▶ **ACTION ITEM**
Using the data below, output a verbatim copy of the lines between the one holding "Mint & Lily" and the one holding "Fall Shower Curtain", inclusive, without any pictures.

▶ **DATA SECTION**
-- Opening Marker --
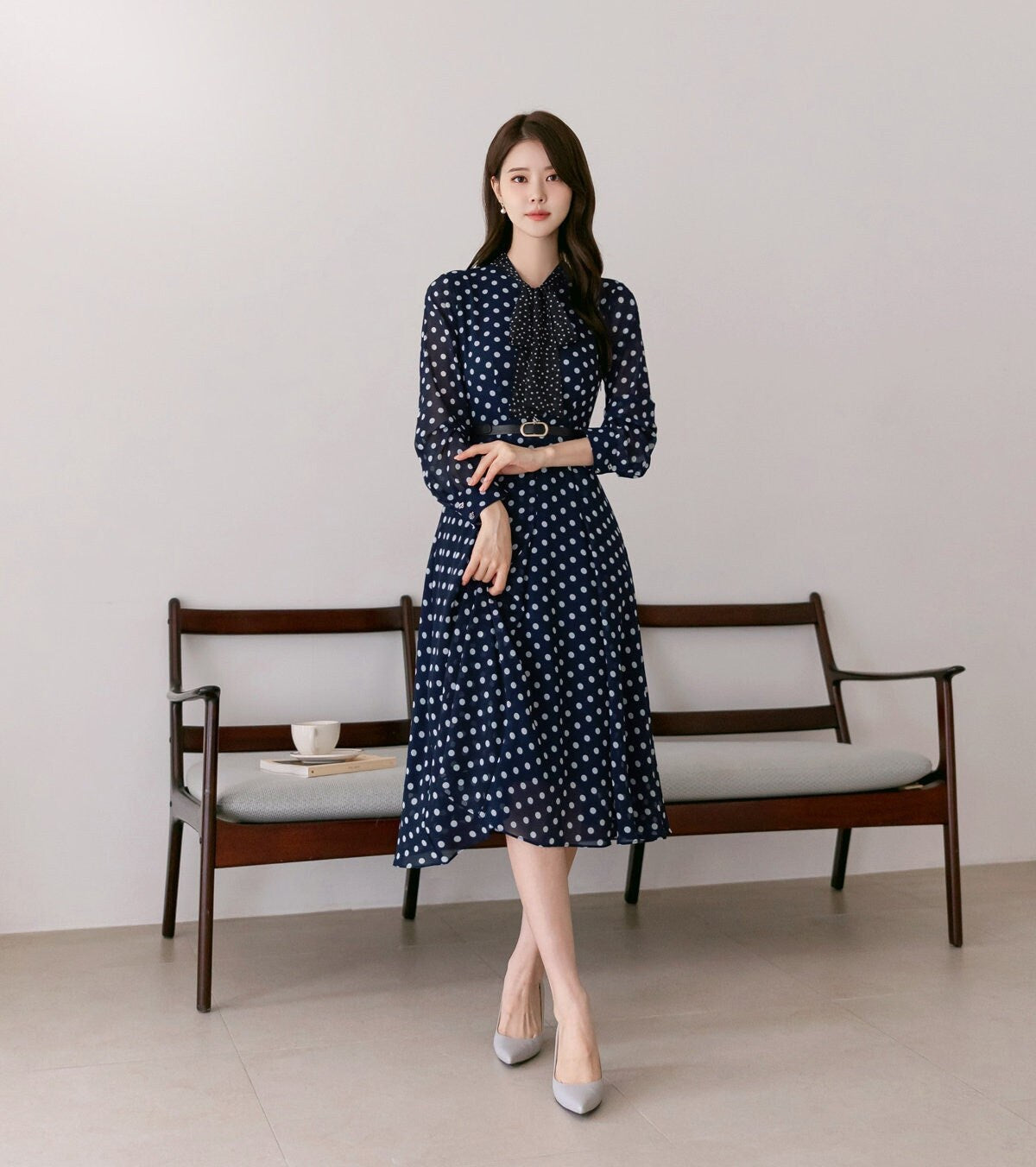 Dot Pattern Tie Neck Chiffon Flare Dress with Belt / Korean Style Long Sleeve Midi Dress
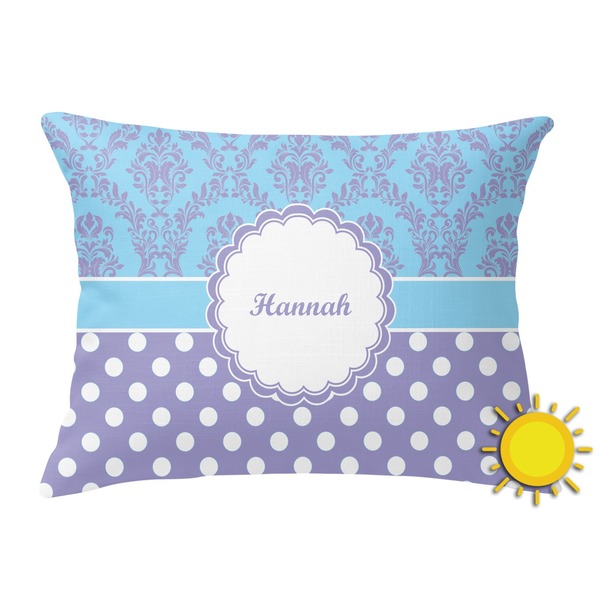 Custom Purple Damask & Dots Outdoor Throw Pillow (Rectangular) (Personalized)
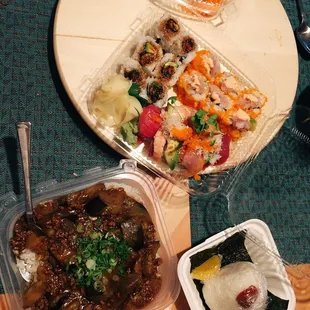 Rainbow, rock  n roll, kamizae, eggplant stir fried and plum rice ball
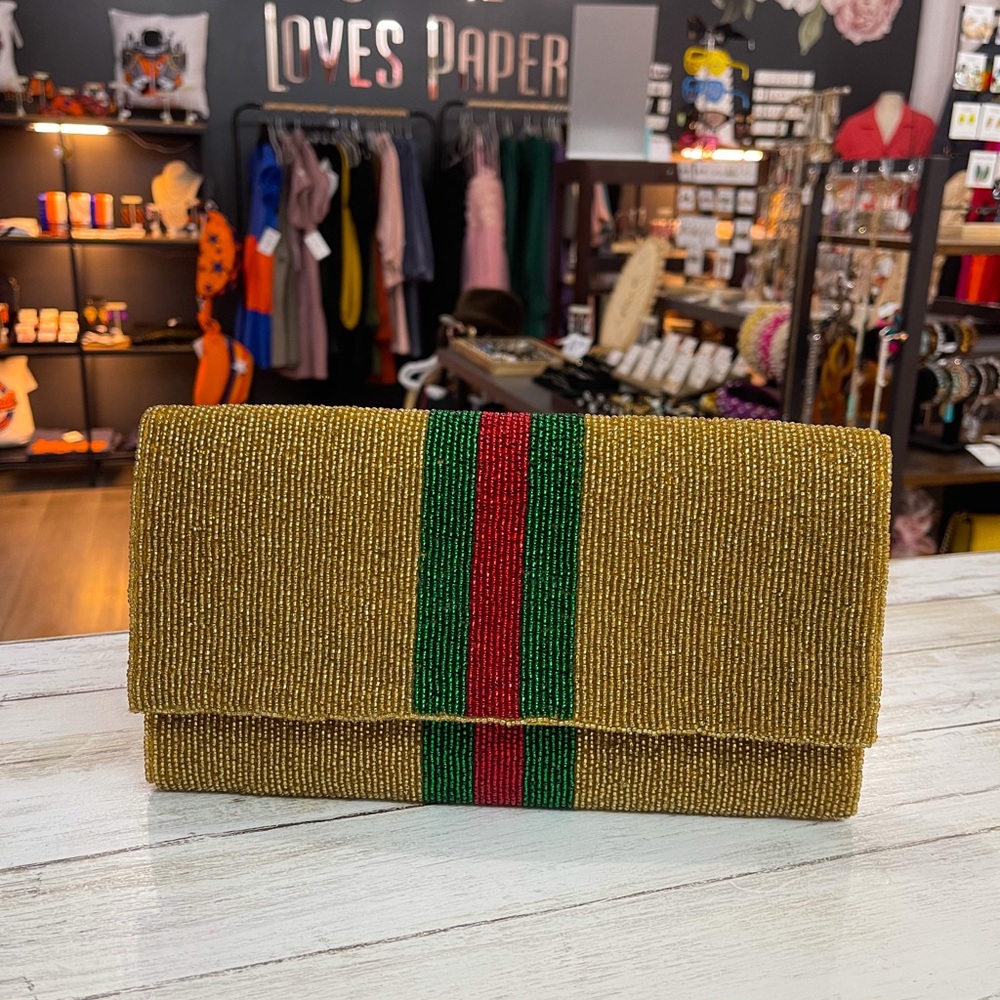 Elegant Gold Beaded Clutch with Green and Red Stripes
-- Closing Marker --
-- Opening Marker --
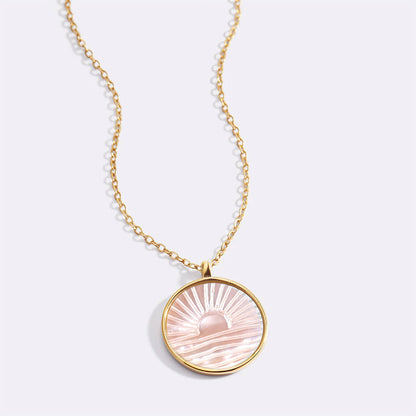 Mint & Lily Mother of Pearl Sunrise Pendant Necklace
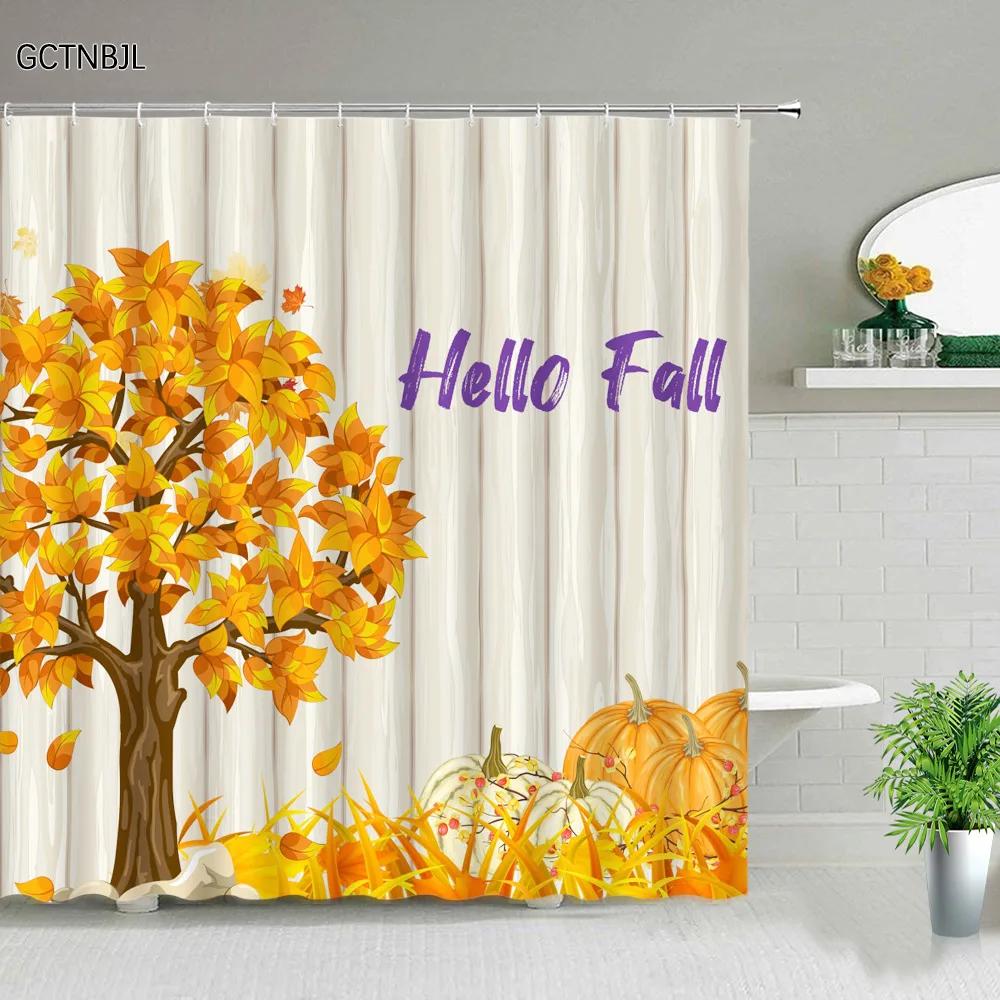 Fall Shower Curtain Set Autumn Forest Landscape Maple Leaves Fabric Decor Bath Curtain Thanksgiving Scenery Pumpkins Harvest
-- Closing Marker --
-- Opening Marker --
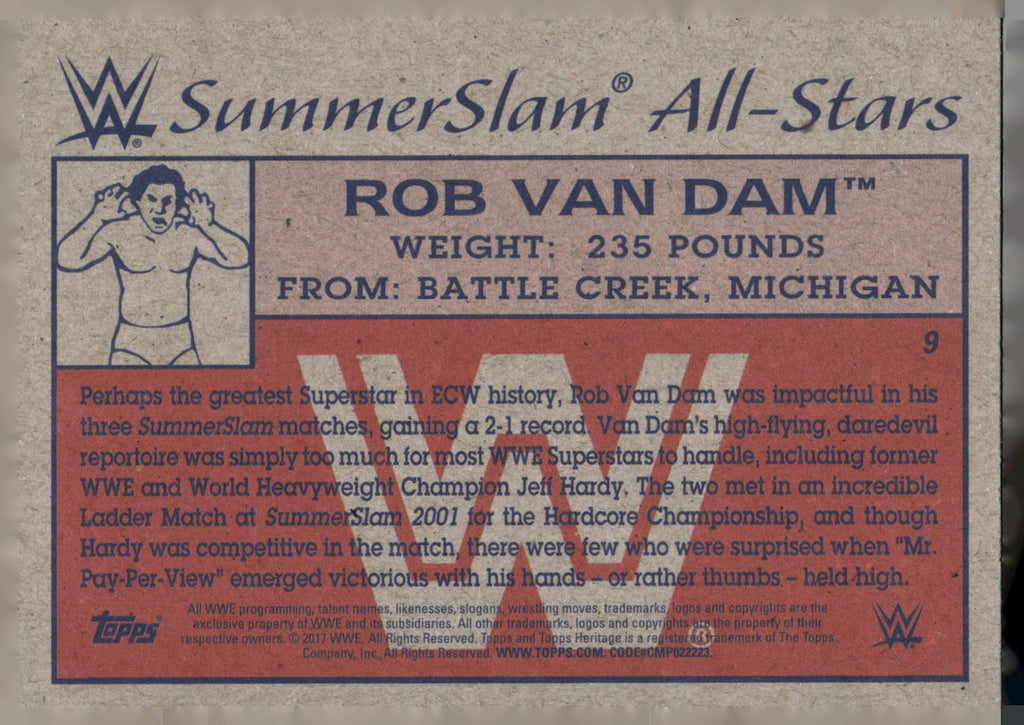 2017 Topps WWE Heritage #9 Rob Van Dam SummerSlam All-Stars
-- Closing Marker --
▶ **FINAL ANSWER**
 Mint & Lily Mother of Pearl Sunrise Pendant Necklace
 Fall Shower Curtain Set Autumn Forest Landscape Maple Leaves Fabric Decor Bath Curtain Thanksgiving Scenery Pumpkins Harvest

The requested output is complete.